Chun’s early artistic career was spent studying western painting, specifically Abstract Expressionism. Mulberry paper gives him a way to express his unique Korean artistic voice.
This exhibition is curated by Susan Moldenhauer, director and chief curator of the University of Wyoming Art Museum, and is funded in part by the National Advisory Board of the UW Art Museum and the Wyoming Arts Council through the National Endowment for the Arts and the Wyoming State Legislature.
Image: Close-up of Kwang-Young Chun’s work, mixed media and Korean mulberry paper. Reproduced by permission of the artist and the University of Wyoming Art Museum.

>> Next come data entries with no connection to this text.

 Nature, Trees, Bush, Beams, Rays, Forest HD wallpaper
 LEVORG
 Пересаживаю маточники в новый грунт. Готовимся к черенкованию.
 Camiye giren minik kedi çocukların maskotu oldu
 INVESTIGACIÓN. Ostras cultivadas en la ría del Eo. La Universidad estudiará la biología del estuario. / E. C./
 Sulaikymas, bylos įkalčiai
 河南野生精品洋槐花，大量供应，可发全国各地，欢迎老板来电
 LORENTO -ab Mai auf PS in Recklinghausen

The Daura Gallery will also present a Select Sunday event related to the exhibition:
Sunday, January 22: “21st Century Korean Art: Abstract/Emotive/Textured/Global”
Lecture by Dr. John Goulde, professor of religion and director of the Asian studies program, Sweet Briar College
Also opening on Jan. 16 is Daura in France. That exhibition will run through May 25.
Daura in France
In 1914, at the age of eighteen, Pierre Daura left Barcelona to pursue his art career in Paris. Under the tutelage of André Lambert, a graphic artist and founder of Janus, a periodic literary journal, he sketched many portraits and city scenes that became the basis for engravings. He exhibited paintings at the Salon d’Automne in 1922 and 1926, but rejected by the Salon in 1928, he joined the artists Joaquim Torres-Garcia, Jean Hélion, Engel-Rozier, and Alfred Aberdam to hold a critically acclaimed exhibition, Cinq Peintres refuses par la Jury du Salon d’Automne, at the Galeries Marck.
During the 1920s and 30s, he continued to exhibit regularly in Paris, Barcelona, and elsewhere in Europe, where his work was well received by critics. When Daura and his wife, Louise, visited the medieval mountain town of St. Cirq while on their honeymoon in 1930, they bought a twelfth-century house where they lived and worked on-and-off until late in their lives. This exhibition, drawn from the Daura Gallery and private collections, examines the urban and rural landscapes and people of France that provided Daura a constant source of subject matter.
Image: Pierre Daura, Rue Cujas – Tour de Clovis Paris ve, 1924, engraving. Collection of the Daura Gallery.